## Brief descriptive captions
○ ○ ○ ○ ○

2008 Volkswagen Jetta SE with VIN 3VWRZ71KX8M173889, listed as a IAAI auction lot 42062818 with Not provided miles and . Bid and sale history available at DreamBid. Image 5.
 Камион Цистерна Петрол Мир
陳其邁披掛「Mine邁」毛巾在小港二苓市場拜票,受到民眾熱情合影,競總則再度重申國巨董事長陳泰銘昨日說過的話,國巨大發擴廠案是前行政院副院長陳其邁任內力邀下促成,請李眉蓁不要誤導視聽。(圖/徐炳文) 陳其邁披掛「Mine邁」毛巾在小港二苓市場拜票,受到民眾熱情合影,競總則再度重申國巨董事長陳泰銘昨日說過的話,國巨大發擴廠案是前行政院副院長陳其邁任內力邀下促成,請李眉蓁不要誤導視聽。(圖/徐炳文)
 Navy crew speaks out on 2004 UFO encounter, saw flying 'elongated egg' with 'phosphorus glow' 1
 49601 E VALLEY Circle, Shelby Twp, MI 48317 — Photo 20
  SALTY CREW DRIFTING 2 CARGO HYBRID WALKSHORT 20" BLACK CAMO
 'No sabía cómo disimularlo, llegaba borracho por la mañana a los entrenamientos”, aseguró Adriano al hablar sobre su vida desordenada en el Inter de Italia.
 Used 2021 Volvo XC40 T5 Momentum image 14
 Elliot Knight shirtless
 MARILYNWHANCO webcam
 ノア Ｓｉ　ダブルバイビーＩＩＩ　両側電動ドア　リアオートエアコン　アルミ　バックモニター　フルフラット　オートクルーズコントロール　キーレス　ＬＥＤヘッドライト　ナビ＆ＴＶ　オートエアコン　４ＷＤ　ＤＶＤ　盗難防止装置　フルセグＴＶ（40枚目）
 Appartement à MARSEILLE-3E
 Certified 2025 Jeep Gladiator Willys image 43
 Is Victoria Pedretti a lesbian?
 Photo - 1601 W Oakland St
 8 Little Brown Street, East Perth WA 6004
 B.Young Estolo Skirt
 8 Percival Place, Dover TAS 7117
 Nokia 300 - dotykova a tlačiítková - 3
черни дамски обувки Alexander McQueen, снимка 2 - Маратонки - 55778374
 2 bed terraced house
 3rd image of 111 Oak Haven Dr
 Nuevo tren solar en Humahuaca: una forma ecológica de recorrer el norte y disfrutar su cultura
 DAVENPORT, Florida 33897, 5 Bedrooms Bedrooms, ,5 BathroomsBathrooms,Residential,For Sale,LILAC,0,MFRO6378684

○ ○ ○ ○ ○

## REQUIREMENT
Give the records again, unchanged and complete.

## YOUR RESPONSE
2008 Volkswagen Jetta SE with VIN 3VWRZ71KX8M173889, listed as a IAAI auction lot 42062818 with Not provided miles and . Bid and sale history available at DreamBid. Image 5.
 Камион Цистерна Петрол Мир
陳其邁披掛「Mine邁」毛巾在小港二苓市場拜票,受到民眾熱情合影,競總則再度重申國巨董事長陳泰銘昨日說過的話,國巨大發擴廠案是前行政院副院長陳其邁任內力邀下促成,請李眉蓁不要誤導視聽。(圖/徐炳文) 陳其邁披掛「Mine邁」毛巾在小港二苓市場拜票,受到民眾熱情合影,競總則再度重申國巨董事長陳泰銘昨日說過的話,國巨大發擴廠案是前行政院副院長陳其邁任內力邀下促成,請李眉蓁不要誤導視聽。(圖/徐炳文)
 Navy crew speaks out on 2004 UFO encounter, saw flying 'elongated egg' with 'phosphorus glow' 1
 49601 E VALLEY Circle, Shelby Twp, MI 48317 — Photo 20
  SALTY CREW DRIFTING 2 CARGO HYBRID WALKSHORT 20" BLACK CAMO
 'No sabía cómo disimularlo, llegaba borracho por la mañana a los entrenamientos”, aseguró Adriano al hablar sobre su vida desordenada en el Inter de Italia.
 Used 2021 Volvo XC40 T5 Momentum image 14
 Elliot Knight shirtless
 MARILYNWHANCO webcam
 ノア Ｓｉ　ダブルバイビーＩＩＩ　両側電動ドア　リアオートエアコン　アルミ　バックモニター　フルフラット　オートクルーズコントロール　キーレス　ＬＥＤヘッドライト　ナビ＆ＴＶ　オートエアコン　４ＷＤ　ＤＶＤ　盗難防止装置　フルセグＴＶ（40枚目）
 Appartement à MARSEILLE-3E
 Certified 2025 Jeep Gladiator Willys image 43
 Is Victoria Pedretti a lesbian?
 Photo - 1601 W Oakland St
 8 Little Brown Street, East Perth WA 6004
 B.Young Estolo Skirt
 8 Percival Place, Dover TAS 7117
 Nokia 300 - dotykova a tlačiítková - 3
черни дамски обувки Alexander McQueen, снимка 2 - Маратонки - 55778374
 2 bed terraced house
 3rd image of 111 Oak Haven Dr
 Nuevo tren solar en Humahuaca: una forma ecológica de recorrer el norte y disfrutar su cultura
 DAVENPORT, Florida 33897, 5 Bedrooms Bedrooms, ,5 BathroomsBathrooms,Residential,For Sale,LILAC,0,MFRO6378684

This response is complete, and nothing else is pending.